THE TOMATO ONION SECRET POTION
The above is more or less how this dish of today came to life. I never forget a cooking session with the mum of a dear Italian friend in the Piemontese mountains. It was winter, all white outside, and we were making the most delicious Piemontese gnocchi with celery (i promise to share this recipe before christmas too). But the miracle happened with the ‘sauce’ we were making. I had to cut an onion into the smallest cubes, and fry them golden in olive oil, with meticulous care. She was of course treating me as a 6 year old new in the kitchen. I smiled and tried to do exactly as she told me. And i understood her precision. Because when you want to get the maximum flavour out of humble ingredients. You need time and dedication.
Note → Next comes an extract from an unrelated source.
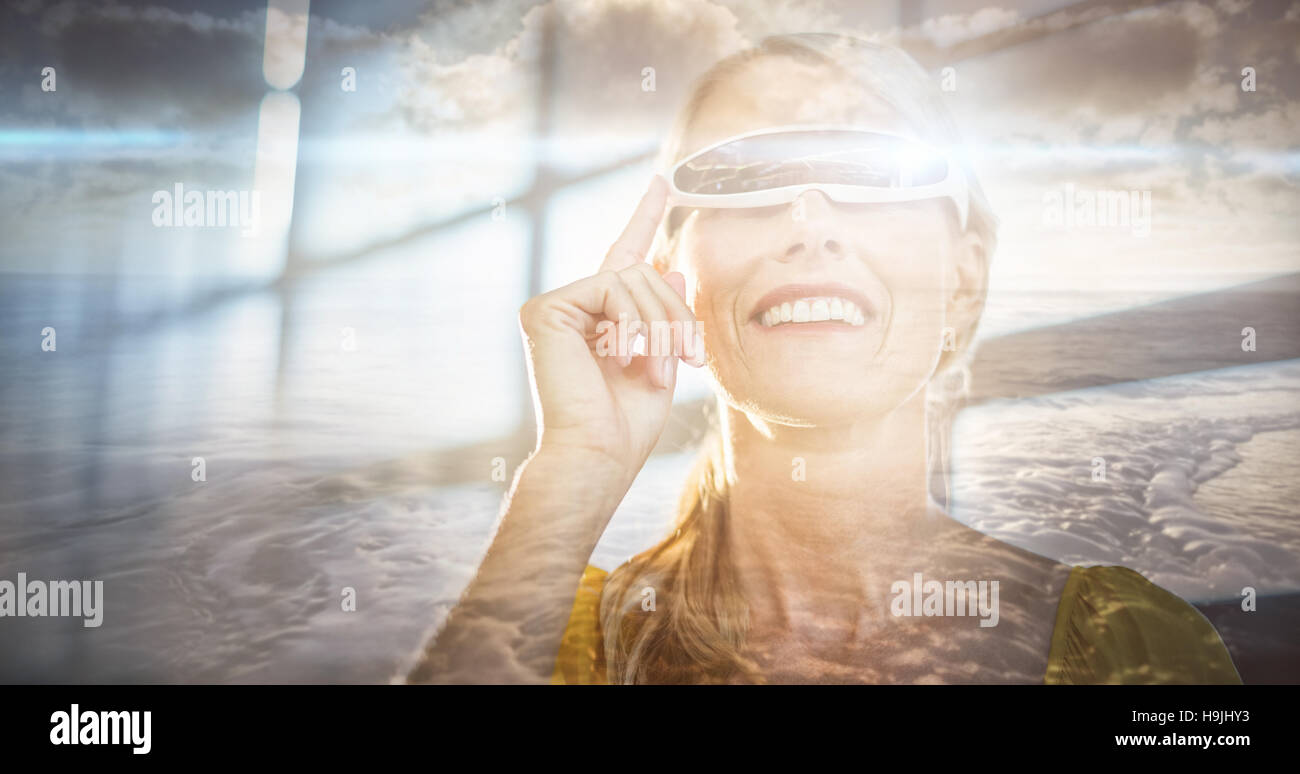 Zusammengesetztes Bild Blick auf Meer Stockfoto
So there i was in her kitchen, frying those onions like never before. And just at the perfect moment she ordered me to add some spoons of tomato paste and salt. Let it bubble away for a bit, until sweet and savoury: a magic potion of onion tomato oil. She used it with the gnocchi and it’s been 15 years or more but i’m still impressed with it. So simple yet so clever.
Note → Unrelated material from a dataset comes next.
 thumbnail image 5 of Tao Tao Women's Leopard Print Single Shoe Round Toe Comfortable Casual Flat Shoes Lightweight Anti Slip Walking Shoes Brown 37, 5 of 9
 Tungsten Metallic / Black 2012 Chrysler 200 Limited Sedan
This is the golden colour you want! After this you add the tomato paste, more salt and you leave it on low fire for 10 minutes. Now you can store it in a jar and use for for multiple purposes: in a pasta with lots of parmesan cheese, to a sauce, in stews, to risotto, to grains like bulghur and like in this case freekeh. To anything if we use our imagination really.
SAFFRON GRINDER!
I got a saffron grinder from a friend from Iran and that has been a real revelation! Gone is this soaking of saffron strands or trying to grind them in a pestle and having a yellow mortar without a lot of saffron coming out. Because this little thing grinds the strands into a fine saffron powder and collects it and you can use it directly. The one i have is sold out everywhere but there is another model on Amazon and it will work fine too. So easy to make a saffron marinade now, like i do for my cauliflower!
FREEKEH AND RAISING OUR VOICE
Now the recipe. I paired it with freekeh. The ancient grain from the Levant very much appreciated and grown in Palestine. As i still have Palestine on my mind where the thousands are still being butchered as we speak, with our governments in support, i can only feel angry and sad. But since i’m positive by nature i think we have to go on raising our voice for change. I hope when you read this you realise too (or you did already) this is our huge force: showing we care to the world and we don’t stay silent.
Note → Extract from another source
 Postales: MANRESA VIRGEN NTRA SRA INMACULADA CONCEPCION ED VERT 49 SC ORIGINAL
Back to freekeh. It’s wheat like bulghur, but mostly the whole kernel or just split. Harvested early when still green and burned in bulk on the field: that’s why the beautiful smokey taste is there. The grain has a lot a lot of bite, and i just love the gooey but firm texture. Traditionally paired with chicken or meat, but so good in many ways. Today as a kind of side dish with the tomato onion oil and golden saffron cauliflower and a hint of cinnamon and cardamom.